Take suburban Lower Merion’s two public high schools, which per the district’s website offer “state-of-the-art science laboratories, an 850-seat auditorium … a greenhouse for environmental and horticultural studies, high-performance athletic facilities, television studios, multimedia production facilities, a musical instrument digital interface (MIDI) lab … college-style library and fully integrated technology.” In Philly, students from different grades sometimes share the same classroom. The premier arts school canceled its musical for lack of funds. And funds for Advanced Placement and International Baccalaureate classes were cut.

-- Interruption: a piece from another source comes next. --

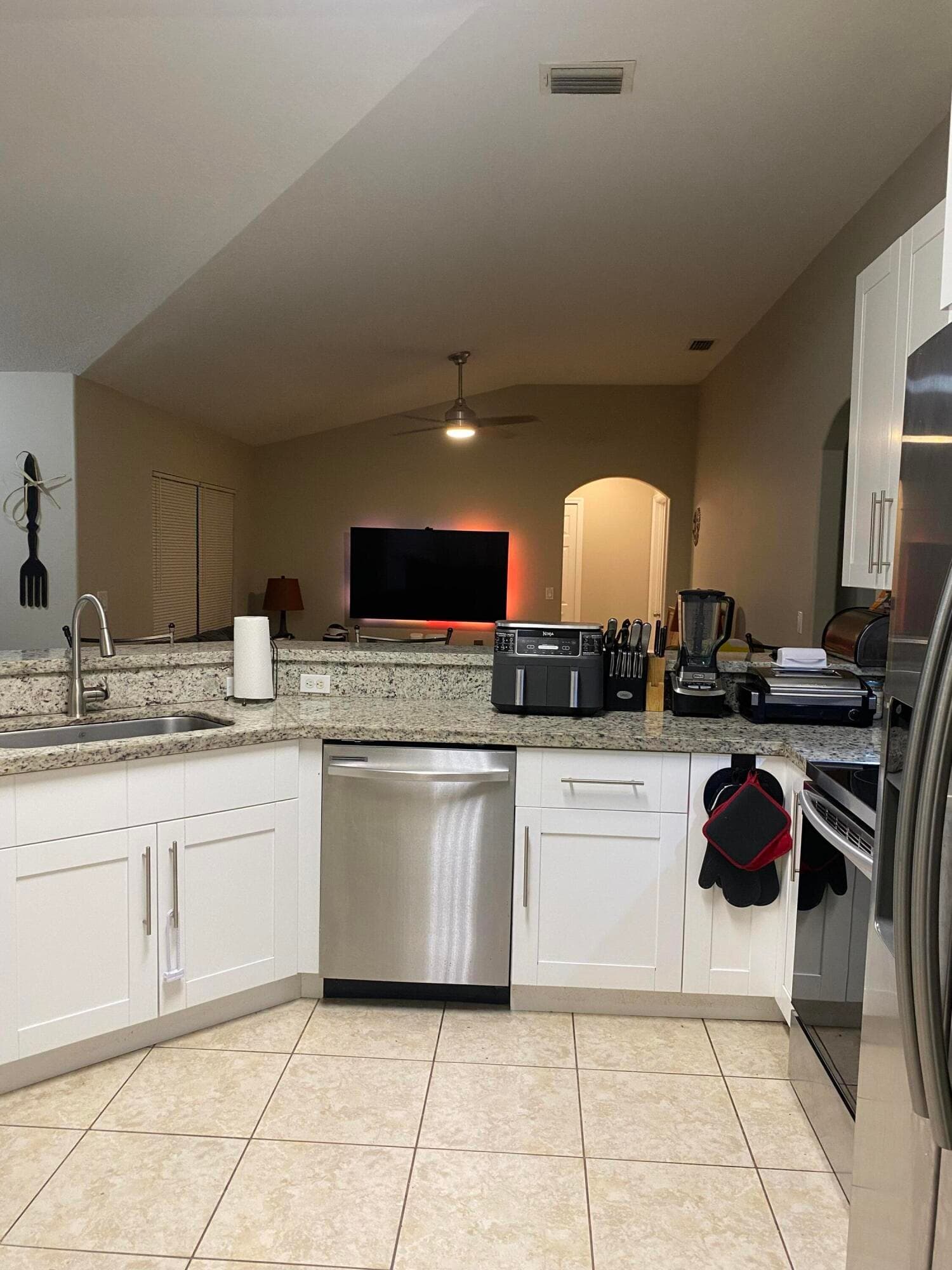 6531 NW Chugwater Circle, Port St. Lucie, FL 34983 — photo 8 of 18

What of the state constitution’s requirement of a “thorough and efficient system of public education?” Lower Merion’s average class size is 21. Philly’s “target” class size is 30 to 33. Lower Merion’s student body is 8 percent black, while Philly’s is just 14 percent white. Many Philly high schools are more than 90 percent black — 99 percent at Strawberry Mansion. In 1964, the Supreme Court ruled that “segregation of white and Negro children in the public schools of a State solely on the basis of race, pursuant to state laws permitting or requiring such segregation” is unconstitutional. No matter.
The SRC, of course, has power. Indeed, it should continue to check the growth of charter schools, which has rendered the District’s structural deficit terminal. Only SRC member Joseph Dworetzky, a Rendell appointee whose tenure is up in January 2014, has consistently spoken out on this issue.
The SRC makes the ghetto’s rules. But it is state government that guards its walls.